The scroll bar adjusts the start position with the usual semantics
for scroll bars. The line down and line up arrows increment and
decrement the start position by the current line width. Clicking
below or above the scroll box moves a full screen forward or
back in the genome, and dragging the scroll box adjusts the
start position to the corresponding position in the genome. As you
drag the scroll box, the Start field will show the nucleotide
number corresponding to the current position of the box. The
screen is not repainted until you release the scroll box; this avoids
jerky response due to the time required to repaint
the screen, particularly when data must be obtained from a remote
Web site.
Bits per Base and Variant
These fields determine how sequences of nucleotides are decoded
into the binary sequence which is, in turn, displayed in the image
panel. The nomenclature used in these fields is as given
in the document Storing Data in DNA.
"Bits/base" determines how many bits are encoded by each nucleotide
(base pair) in the genome, and may be set to 1 or 2. "Variant"

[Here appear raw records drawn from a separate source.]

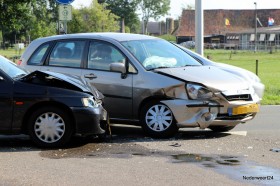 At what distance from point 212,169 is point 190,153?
3.57ft

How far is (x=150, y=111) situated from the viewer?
9.51m

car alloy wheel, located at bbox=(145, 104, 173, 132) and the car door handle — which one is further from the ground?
the car door handle

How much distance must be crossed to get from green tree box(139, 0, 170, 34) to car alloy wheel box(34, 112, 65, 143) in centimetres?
12328

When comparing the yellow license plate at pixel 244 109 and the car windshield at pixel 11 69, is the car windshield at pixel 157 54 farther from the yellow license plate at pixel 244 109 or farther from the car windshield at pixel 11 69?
the car windshield at pixel 11 69

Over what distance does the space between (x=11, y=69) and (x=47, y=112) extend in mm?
1197

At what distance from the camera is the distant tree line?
2856cm

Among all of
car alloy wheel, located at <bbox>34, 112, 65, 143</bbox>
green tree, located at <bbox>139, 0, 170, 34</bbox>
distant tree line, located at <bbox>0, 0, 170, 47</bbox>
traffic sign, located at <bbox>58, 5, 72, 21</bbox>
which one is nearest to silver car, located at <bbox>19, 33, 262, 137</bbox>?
car alloy wheel, located at <bbox>34, 112, 65, 143</bbox>

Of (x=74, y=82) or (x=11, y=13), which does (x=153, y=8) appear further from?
(x=74, y=82)

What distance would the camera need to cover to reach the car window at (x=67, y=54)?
33.7 feet

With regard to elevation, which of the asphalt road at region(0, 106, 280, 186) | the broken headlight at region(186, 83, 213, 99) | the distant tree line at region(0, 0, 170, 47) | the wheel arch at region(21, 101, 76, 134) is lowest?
the asphalt road at region(0, 106, 280, 186)

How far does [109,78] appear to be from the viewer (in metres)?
9.84

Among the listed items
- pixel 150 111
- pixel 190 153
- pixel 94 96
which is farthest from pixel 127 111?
pixel 190 153

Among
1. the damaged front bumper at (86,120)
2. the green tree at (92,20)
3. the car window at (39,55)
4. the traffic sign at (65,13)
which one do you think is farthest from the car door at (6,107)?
the green tree at (92,20)

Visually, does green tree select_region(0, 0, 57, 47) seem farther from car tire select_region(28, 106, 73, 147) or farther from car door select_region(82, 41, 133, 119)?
car tire select_region(28, 106, 73, 147) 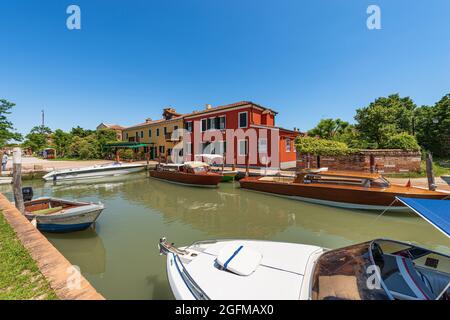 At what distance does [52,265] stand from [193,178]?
1024cm

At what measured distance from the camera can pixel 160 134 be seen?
2702 centimetres

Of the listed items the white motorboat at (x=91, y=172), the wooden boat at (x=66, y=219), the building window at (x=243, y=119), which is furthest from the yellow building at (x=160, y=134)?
the wooden boat at (x=66, y=219)

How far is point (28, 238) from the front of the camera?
12.8 ft

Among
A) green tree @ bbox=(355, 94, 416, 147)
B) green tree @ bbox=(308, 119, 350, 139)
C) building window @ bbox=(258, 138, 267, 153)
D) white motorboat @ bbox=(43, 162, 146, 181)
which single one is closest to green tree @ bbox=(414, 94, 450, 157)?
green tree @ bbox=(355, 94, 416, 147)

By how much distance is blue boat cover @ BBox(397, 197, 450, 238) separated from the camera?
105 inches

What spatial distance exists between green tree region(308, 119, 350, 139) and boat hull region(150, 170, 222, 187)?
1380cm

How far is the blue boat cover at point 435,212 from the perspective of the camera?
266 centimetres

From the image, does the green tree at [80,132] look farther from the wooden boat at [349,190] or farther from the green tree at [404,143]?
the green tree at [404,143]

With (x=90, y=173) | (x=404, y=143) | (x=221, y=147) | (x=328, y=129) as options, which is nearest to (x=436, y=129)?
(x=328, y=129)

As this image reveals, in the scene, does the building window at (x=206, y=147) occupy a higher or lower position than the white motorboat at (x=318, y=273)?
higher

chooses which among the possible encodings of one or two bits
per nucleotide should be used. Detailed tables of how
one bit per base
and
two bit per base
encodings transform nucleotide sequences into streams of
binary data are given in the aforementioned document.
Width
A two-dimensional pattern is generally comprehensible only when
viewed with the same line length as used to encode it. The
Width box (into which a value can be entered) and the associated
buttons which increment and decrement the value in the Width
field.
Please see
Hide and Seek: An Image in the Genome
for an example of how adjusting the width can reveal a message
difficult to discern until the correct width is discovered.
Zoom Factor
Modern computer graphics displays have such high resolution that
individual pixels are difficult to distinguish. Setting the Zoom factor greater
than 1 expands each pixel into a box with edge size equal to the zoom
factor. If the product of the zoom factor and line width exceeds
the width of the window in pixels, the image will be truncated at the
right--resize the browser window until you see the blue margin which
indicates you're seeing the entire width of each line. If your screen
isn't wide enough to show an entire line, reduce the zoom factor
until it does.
Update and Quit Buttons
Pressing Enter in any of the text entry fields causes an immediate update
of the image display panel. Depending on the speed of your computer and
whether the data requested must be obtained across the Internet from
a distant site, this may take some time. If you wish to change a number
of parameters at once, you can avoid waiting for intermediate updates
by not pressing Enter after entering each value and, instead,
pressing Enter only on the last value, or pressing the
Update button after entering the last.
The Quit button exits the genome browser. If you started the
browser from a Web page, you can open a new browser by pressing
the "Launch Browser" button. The standalone browser application
will exit to the command line; to restart it, use the same command
you used to invoke it in the first place.